In a world of virgin resources, resource depletion was not yet a concern. Early agriculture in the golden triangle took place upon meters of rich alluvial soils. Timbers were drawn from towering stands of old growth forests. Metals were melted from outcroppings of ore by lighting fires beneath them. Fish were harvested by the basket.
Over time, we’ve had to search further for the resources we need and work harder once we found them. That leaves us with a trend of using poorer and poorer sources for the material necessities of life, leading to resource depletion. Although most of the richest resources on the planet were being used and reduced by the middle of the 20th century it was an easy problem to ignore.
The reason for this burgeoning resource scarcity was one simple word: oil- code for cheap, dense, flexible energy.
Oil has allowed us to exploit every other resource to a far greater point of depletion than would have been possible with any other form of energy. It is the uber-commodity, without which our way of life cannot exist.
Now that oil scarcity is making it more expensive to produce, the richness of the other resource bases upon which we depend is becoming much more obvious. Oil depletion causes us to rely on other resources, making resource scarcity an increasingly broad problem.
The lower the grade of ore (say ounces of mineral per tonne of rock), the more rock must be processed to obtain the mineral.

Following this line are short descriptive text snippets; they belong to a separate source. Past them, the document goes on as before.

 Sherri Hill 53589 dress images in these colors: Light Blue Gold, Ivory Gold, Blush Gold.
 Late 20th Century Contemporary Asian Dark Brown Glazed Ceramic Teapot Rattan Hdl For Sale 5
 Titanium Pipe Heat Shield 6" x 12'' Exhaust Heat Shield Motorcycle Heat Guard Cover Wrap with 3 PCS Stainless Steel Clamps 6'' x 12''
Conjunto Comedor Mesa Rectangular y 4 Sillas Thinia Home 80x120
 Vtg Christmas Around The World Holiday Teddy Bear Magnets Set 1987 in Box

If energy costs are low and falling, resource depletion is not a critical problem. However, oil has ceased to be almost free. 40 years ago, the biggest and richest reserves of oil in the Arabian peninsula and West Texas required one barrel of oil to discover and extract 100 barrels of oil.
Oil scarcity causes higher energy costs, meaning that every other resource automatically faces scarcity and higher costs as well. To avoid resource scarcity, sustainability, on the other hand, means much greater conservation of renewable resources and much lower levels of consumption of minerals.